A: I’m going to avoid Chinese stocks because the American ones are so much better. You want to buy the quality at the discount, not the marginal, high-risk political footballs at a discount. And China will remain high-risk as long as they are abandoning capitalism. If you have to buy one Chinese stock, I would say Alibaba (BABA); you could get a double on that. But remember it is a high-risk trade—if the Chinese government wants to roll Jack Ma up in a carpet and kidnap him to Western Chinese re-education camp, the stock will get slaughtered. And that’s been happening increasingly with the heads of major companies in the Middle Kingdom.
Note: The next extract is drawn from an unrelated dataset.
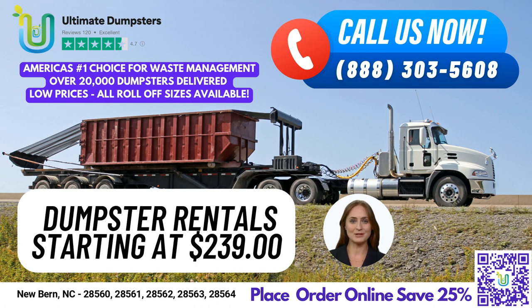At Ultimate Dumpsters, we value our customers and provide an easy-to-use online portal where you can check on order statuses and make changes. We also assign a dedicated project manager for every client to ensure your project runs smoothly.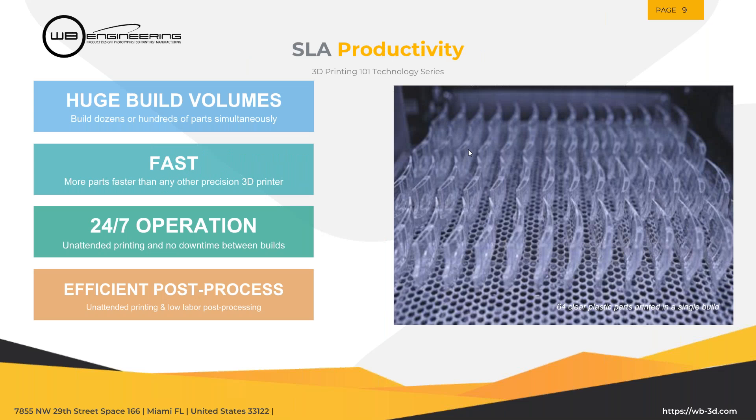Some key features of SLA: big build volumes — SLA has some of the largest build volumes available on the market. It's extremely fast to print — you can print one part or 100 parts on the same build plate and turn them around relatively quickly. 24 hours, seven days a week — you don't have to be there whittling away at a part. Just set print, walk away, come back when it's done, and you're good to go. You can be doing any other list of tasks while your printer is working for you.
Q: When this current route comes to an end, should we look to enter the market with 50% margin on stocks like Tesla (TSLA)?

A: It’s never sensible to go to 50% margin because if the stocks drop 50%, you are completely wiped out—you’ve lost everything. Plus, coming back from a loss is one thing; coming back from zero is impossible. So, I would not recommend that. You might do a safe stock like Apple (APPL), with a 2% dividend, and then at least you’re getting a double dividend. You only do the 50% margin on the safest, high dividend stocks.

Q: Amazon (AMZN) is on its way down. What is your expectation for the $3200/$3400 vertical bull call spread in January 2023?

A: I think you could make money on that. It may not be the full amount of the spread, but you’ll definitely get a big increase from current levels, because when we do get a second half rally, it will be tech-led, and Amazon has already had a horrific decline. What you might consider is rolling your strike down, taking the loss on the 3200/3400 and rolling down to like a $2,000/$2,200 in twice the size, and you’ll make your money back that way.

Q: For those of us thinking about LEAPS, how should we start to buy in—20, 30, 50% right now?

A: Well, first of all, you only do them on down days like today, when the market is down 800, and you scale in. 20% now, 20% higher or lower, and 20% again higher or lower. But you really want to be saving cash for days like this because You want to feel smarter than everybody else, and they absolutely will hit any bid on a down day, and that's where your LEAPS fills are really excellent, is on a down day like this.

Q: Can the Fed avoid another policy mistake? Because it seems that not only are they heading for high inflation, but layoffs are coming as well, and even with that I’m sure they will perform a soft landing of sorts.

A: For sure, when you take massive amounts of stimulus out of the economy, as we have in the last year, that is recessionary. In fact, the US government is close to running a balance budget right now because Biden can’t get anything through Congress other than money for Ukraine. Good for Ukraine economy, not for ours. And yes, they can do a soft landing, but has it ever been done before? No. Though this is the Fed that just keeps on surprising, so who knows. In the meantime, I'm willing to trade the ranges, and that may be all you get to do for a while.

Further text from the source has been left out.